WHAT IS BEING ASKED:
Copy out exactly, and only, the lines from the one containing "Kaip išmokyti vaikus dantų priežiūros?" through the end of the entries. No pictures.

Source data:
=======

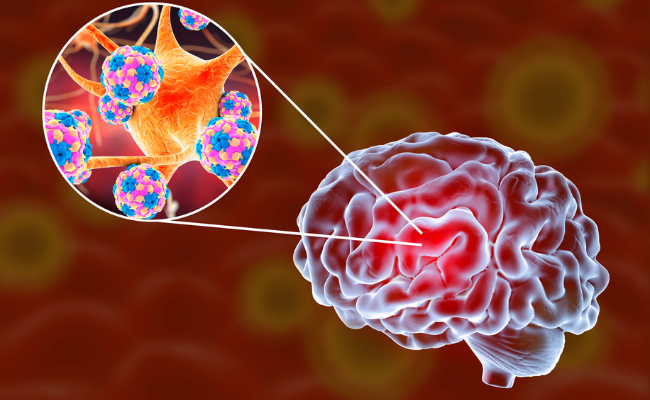 How to Treat Viral Meningoencephalitis?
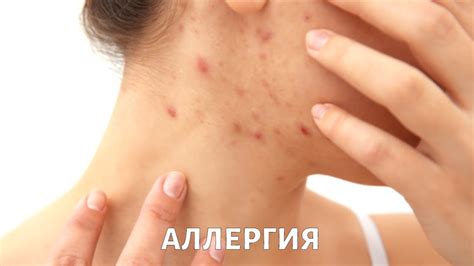 Почему возникает АЛЛЕРГИЯ и как с ней бороться? - YouTube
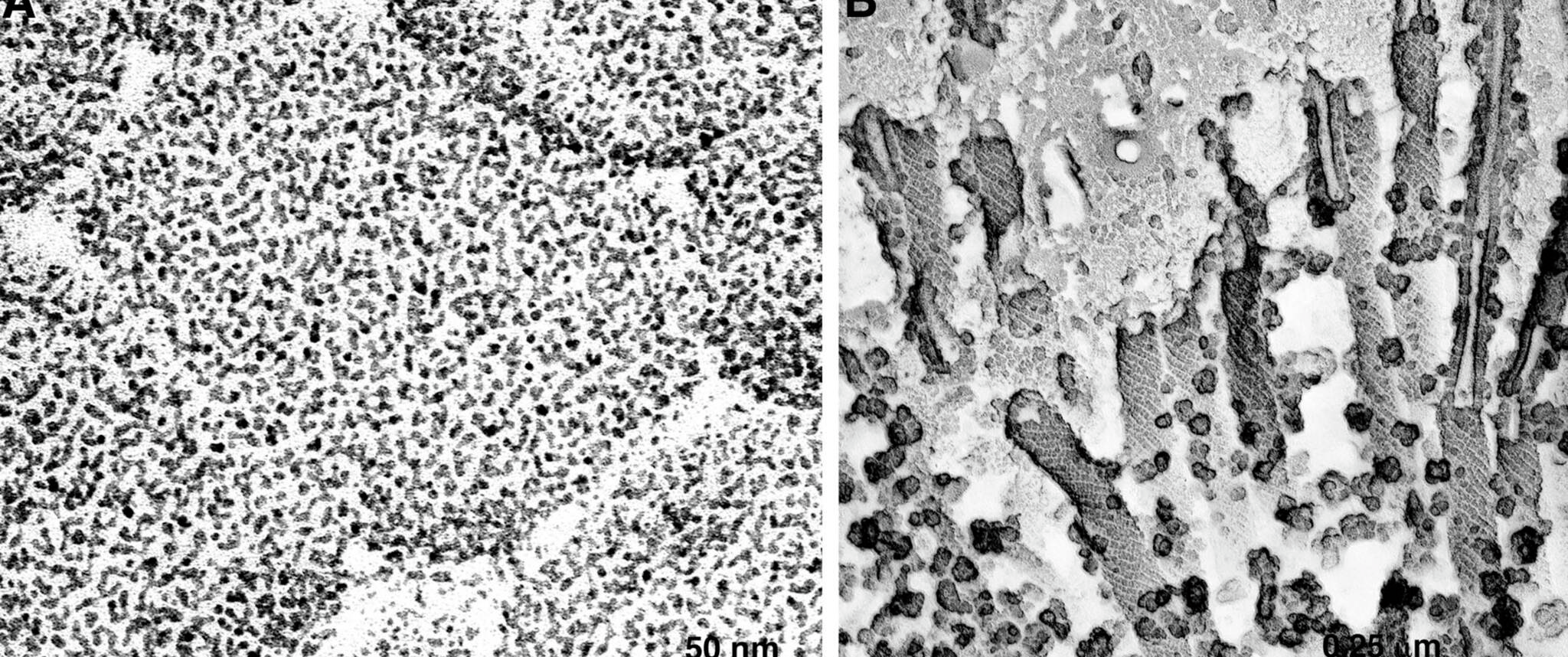 Alt: Black and white images captured by a microscope, in two panels. Left: Small black dots on a white field. Right: Finger-like tubular projections spotted with black dots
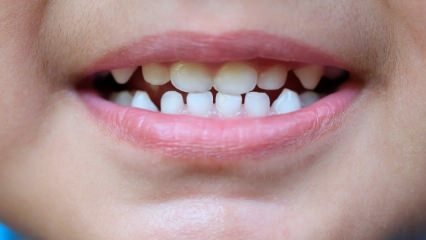 Kaip išmokyti vaikus dantų priežiūros?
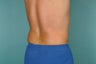 Smart Lipo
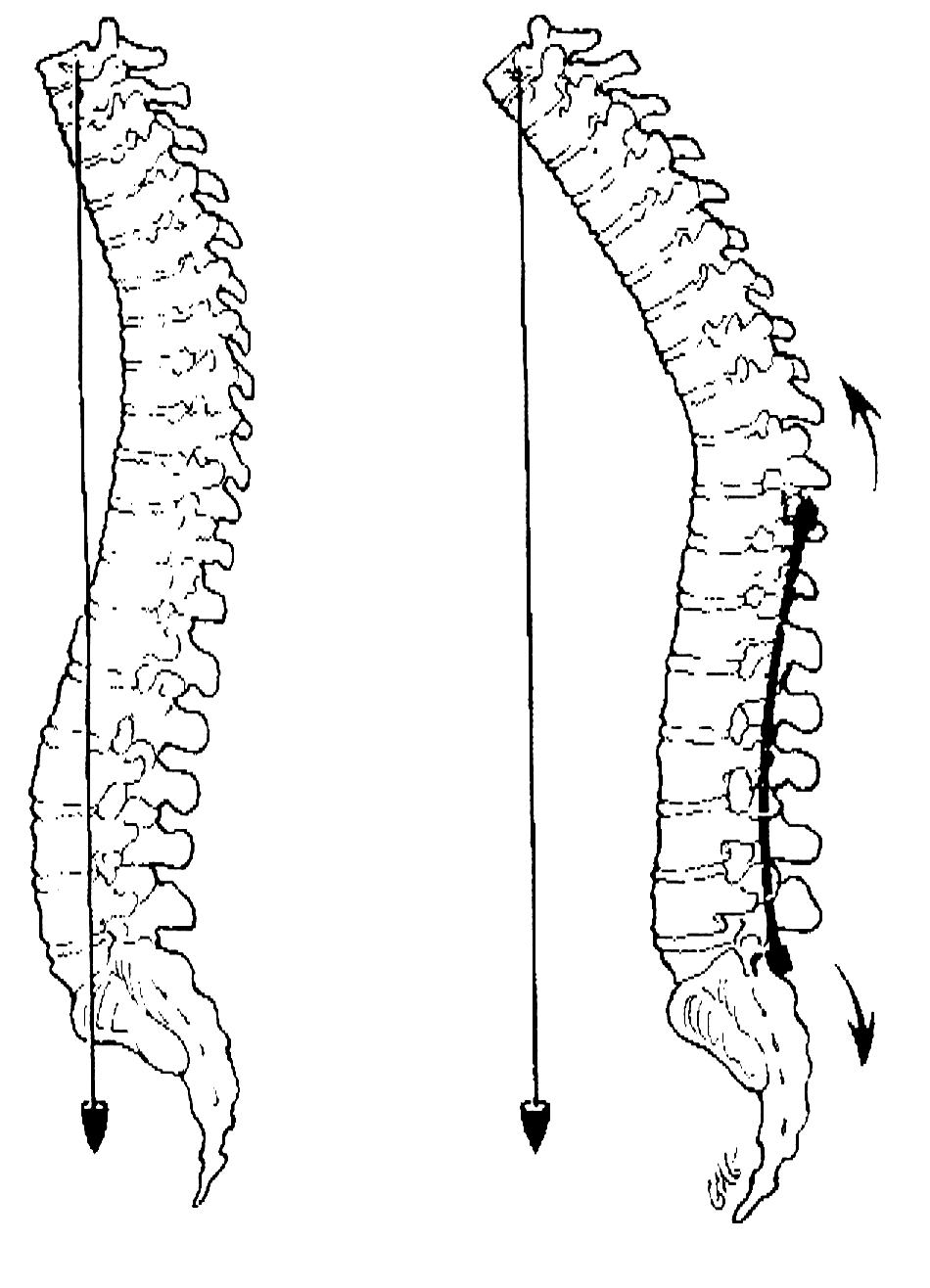 National Scoliosis Foundation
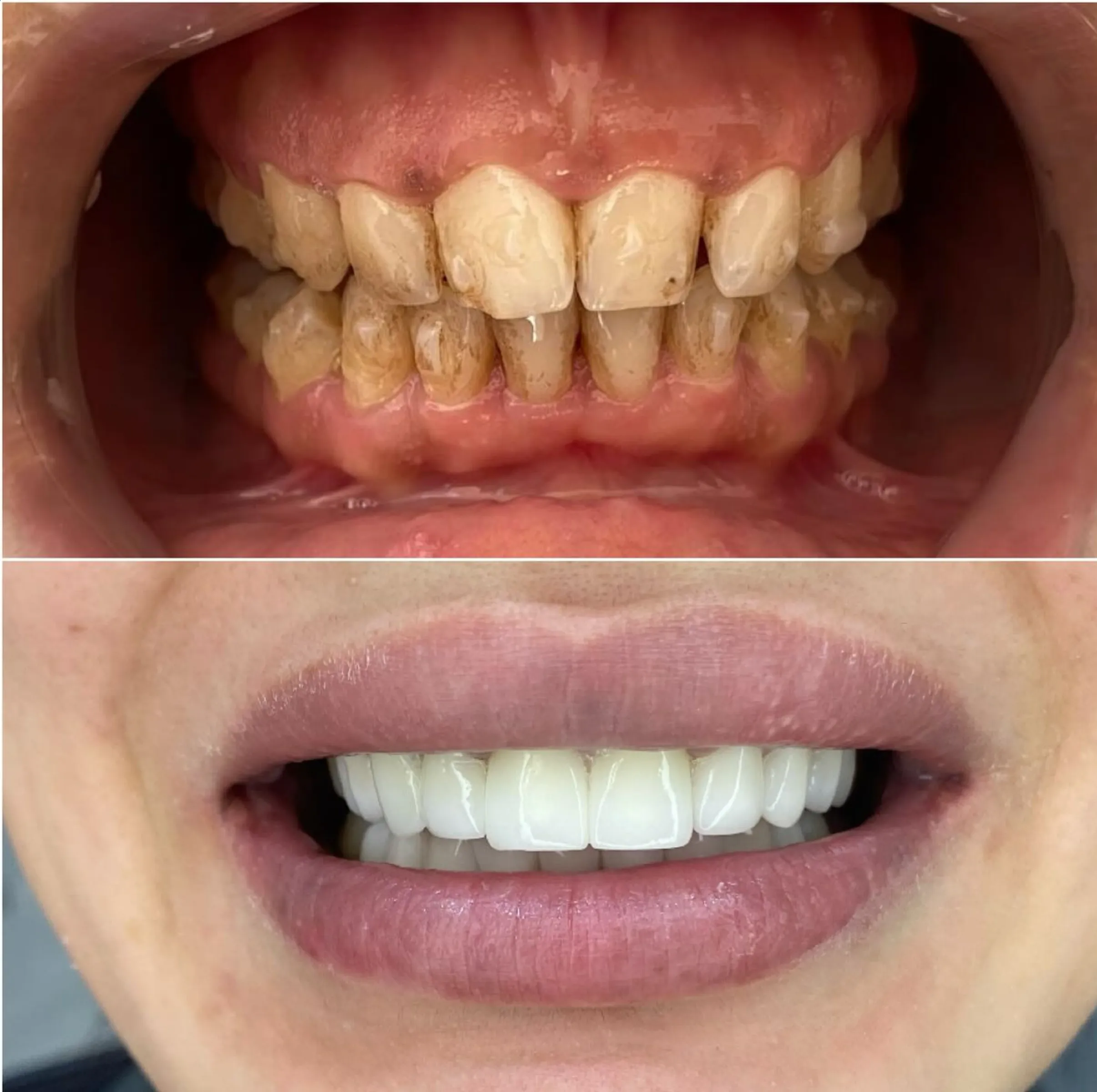non-dentist teeth whitening legality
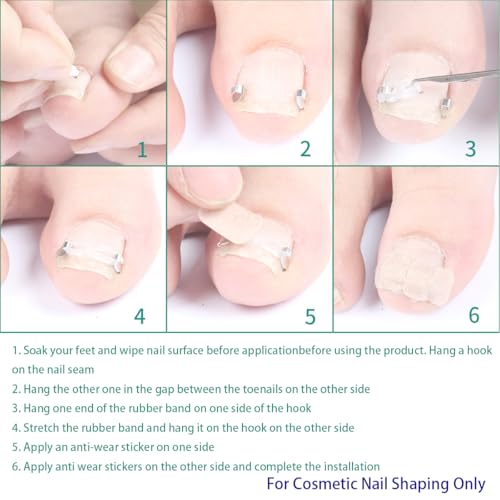 Ingrown Toenail Correction Kit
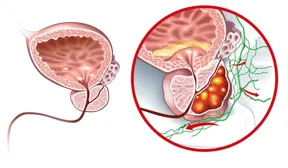 Ilustração médica de câncer de próstata avançado com metástase linfonodal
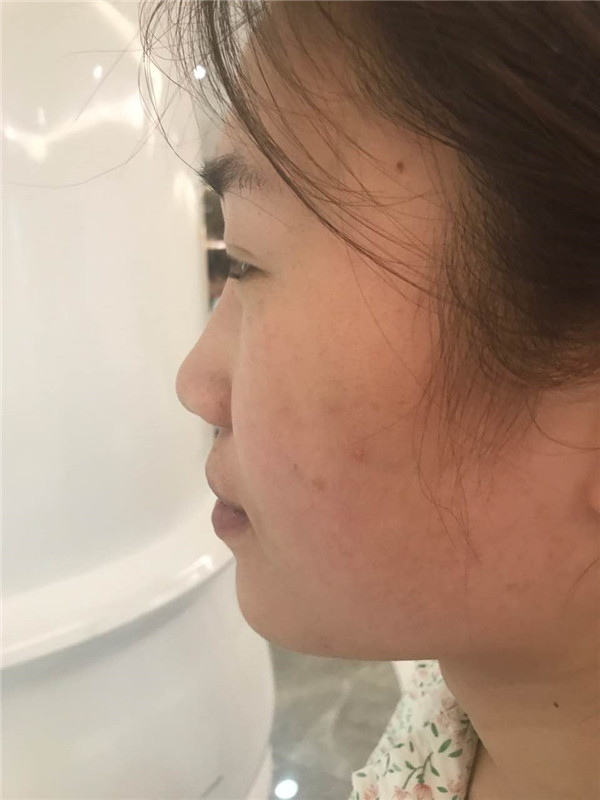 【福建膨体隆鼻】给大家看看我的膨体隆鼻案例,要么不做,要么就做一个好一点的!姐妹们,你们觉得我做的怎么样?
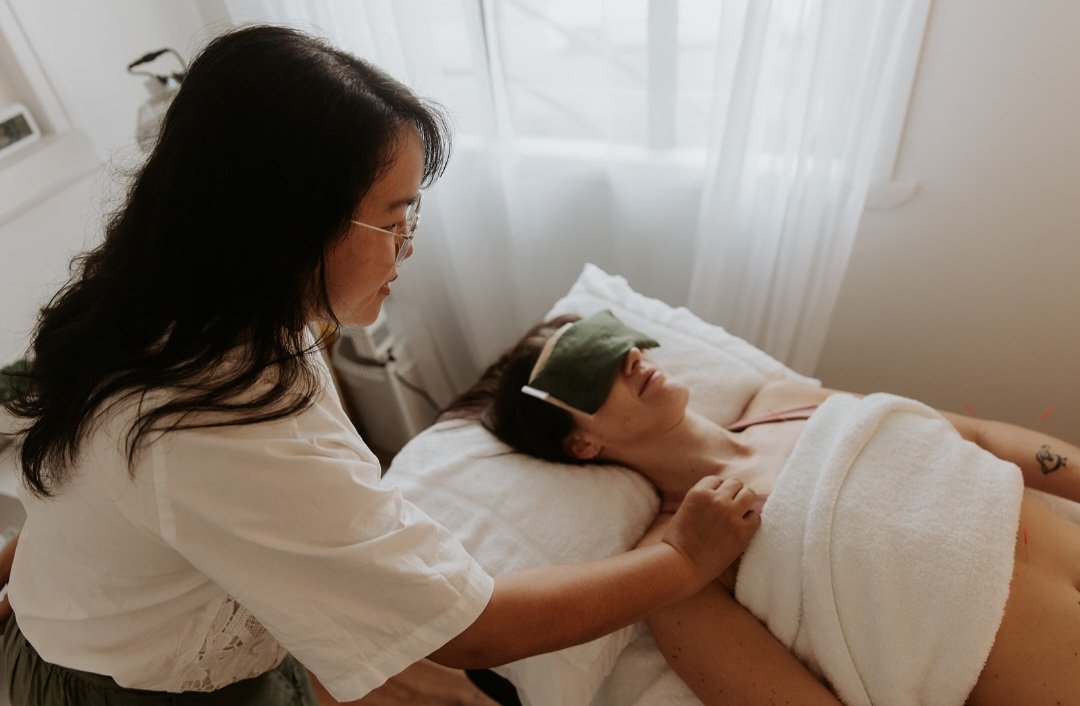 Jimboomba Natural Therapies acupuncture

=======

TASK ANSWER:
 Kaip išmokyti vaikus dantų priežiūros?
 Smart Lipo
 National Scoliosis Foundation
non-dentist teeth whitening legality
 Ingrown Toenail Correction Kit
 Ilustração médica de câncer de próstata avançado com metástase linfonodal
 【福建膨体隆鼻】给大家看看我的膨体隆鼻案例,要么不做,要么就做一个好一点的!姐妹们,你们觉得我做的怎么样?
 Jimboomba Natural Therapies acupuncture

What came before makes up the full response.